Search code examples
c++c++11iteratorc++98const-iterator

Iterator invalidation by `std::string::begin()`/`std::string::end()`?


#include <string>
#include <iostream>

int main() {
    std::string s = "abcdef";

    std::string s2 = s;

    auto begin = const_cast<std::string const &>(s2).begin();
    auto end = s2.end();

    std::cout << end - begin << '\n';
}

This code mixes the result of begin() const with the result of end(). Neither of these functions is permitted to invalidate any iterators. However I'm curious whether the requirement of end() to not invalidate the iterator variable begin actually means that the variable begin is usable with end.

Consider a C++98, copy-on-write implementation of std::string; the non-const begin() and end() functions cause a the internal buffer to be copied because the result of these functions can be used to modify the string. So begin above starts out valid for both s and s2, but the use of the non-const end() member causes it to no longer be valid for s2, the container that produced it.

The above code produces 'unexpected' results with a copy-on-write implementation, such as libstdc++. Instead of end - begin being the same as s2.size(), libstdc++ produces another number.

  • Does causing begin to no longer be valid iterator into s2, the container it was retrieved from, constitute 'invalidating' the iterator? If you look at the requirements on iterators, they all appear to hold for this iterator after .end() is called, so perhaps begin still qualifies as a valid iterator, and thus has not been invalidated?

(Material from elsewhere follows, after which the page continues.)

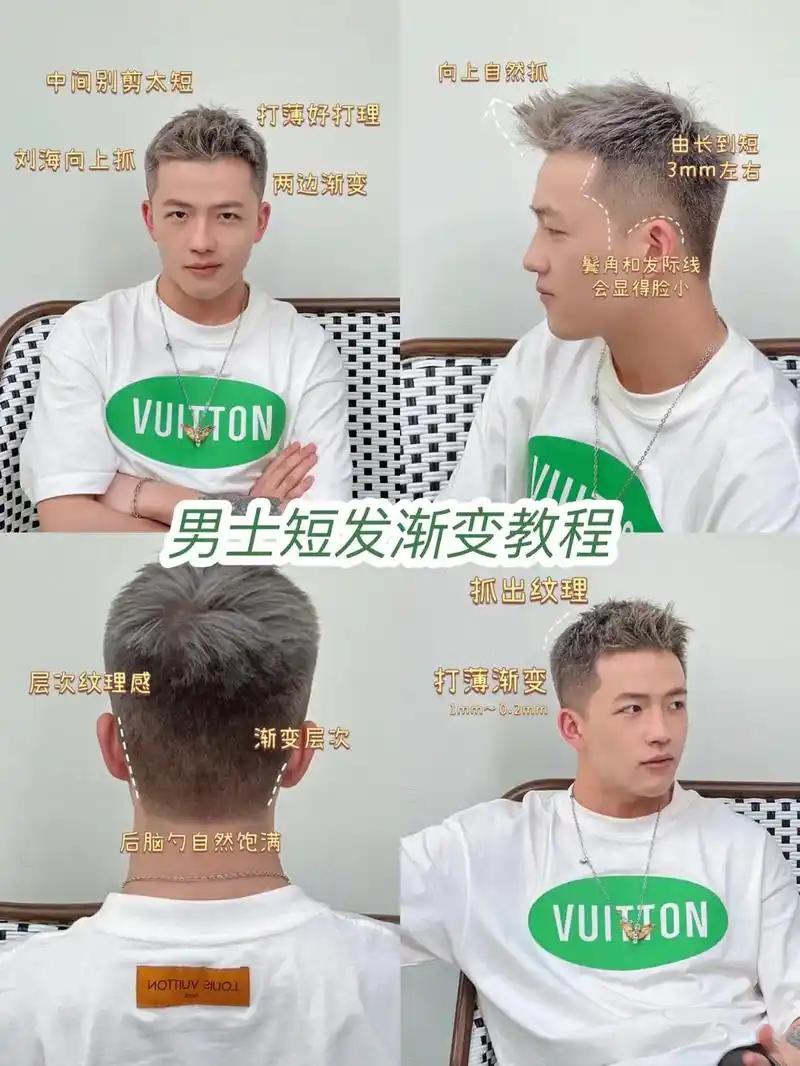 男生发型|男士短发渐变教程 98夏天到了,想染一下头发,改变 - 抖音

  • Is the above code well defined in C++98? In C++11, which prohibits copy-on-write implementations?

From my own brief reading of the specs, it appears under-specified, so that there may not be any guarantee that the results of begin() and end() can ever be used together, even without mixing const and non-const versions.


Solution

  • As you say, C++11 differs from earlier versions in this regard. There's no problem in C++11 because all attempts to allow copy on write were removed. In pre-C++11, your code results in undefined behavior; the call s2.end() is allowed to invalidate existing iterators (and did, and maybe still does, in g++).

    Note that even if s2 were not a copy, the standard would allow it to invalidate iterators. In fact, the CD for C++98 even made things like f( s.begin(), s.end() ) or s[i] == s[j] undefined behavior. This was only realized at the last minute, and corrected so that only the first call to begin(), end() or [] could invalidate the iterators.